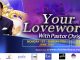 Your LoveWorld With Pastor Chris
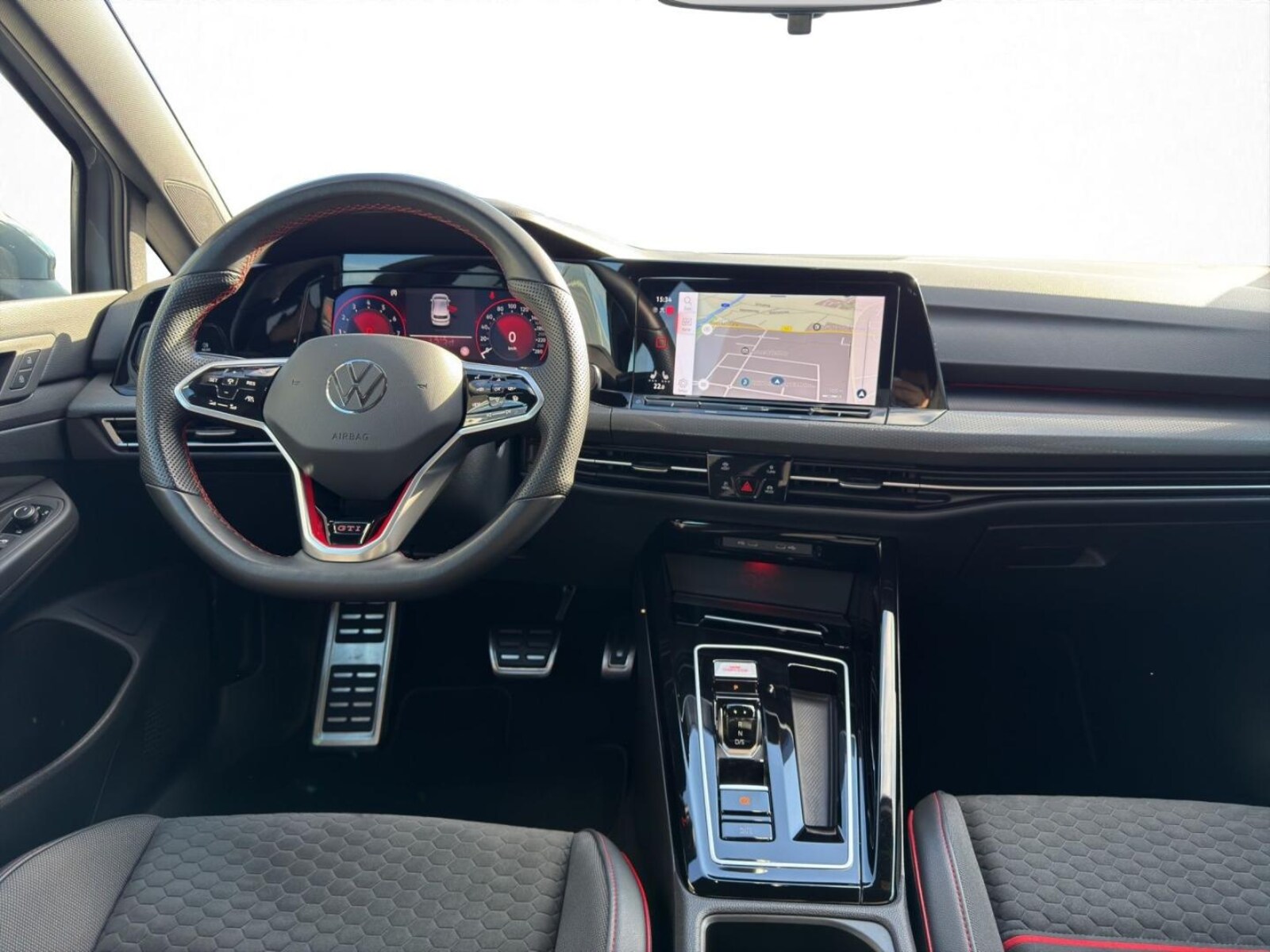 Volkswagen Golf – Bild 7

------------------------------------------------------------------------

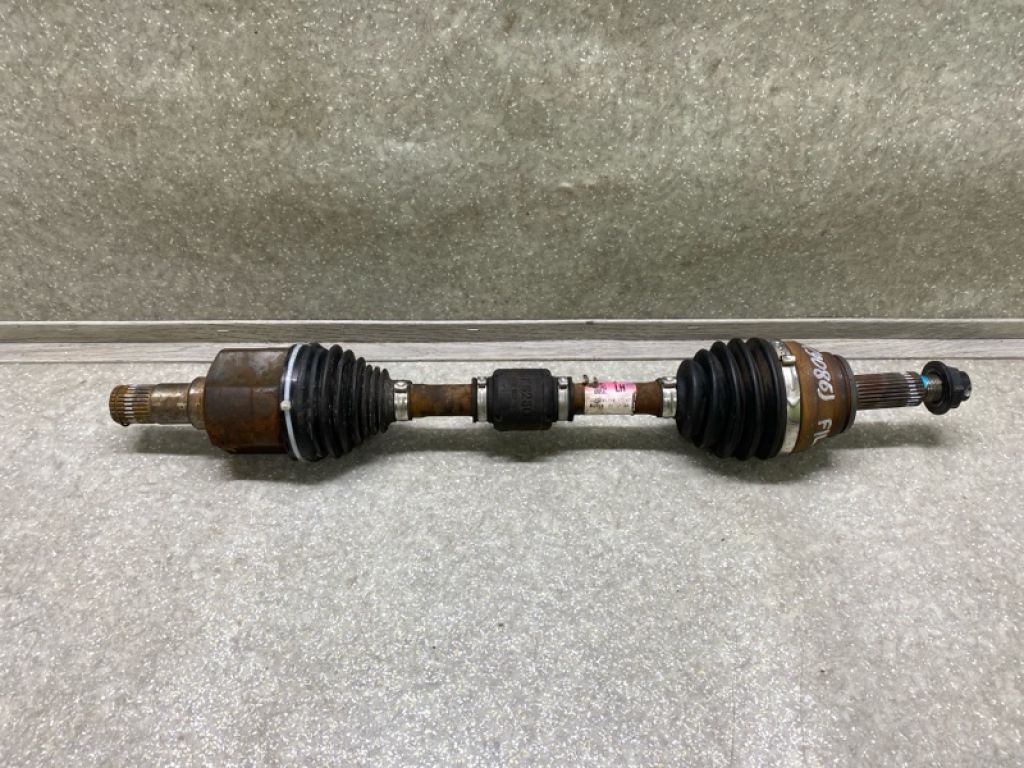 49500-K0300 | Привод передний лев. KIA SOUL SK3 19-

------------------------------------------------------------------------

» **Try it**:
Between and including the line with "Your LoveWorld With Pastor Chris" and the line with "Volkswagen Golf – Bild 7", repeat every line exactly as it appears above, with pictures left out.

» **Output of the task**:
 Your LoveWorld With Pastor Chris
 Volkswagen Golf – Bild 7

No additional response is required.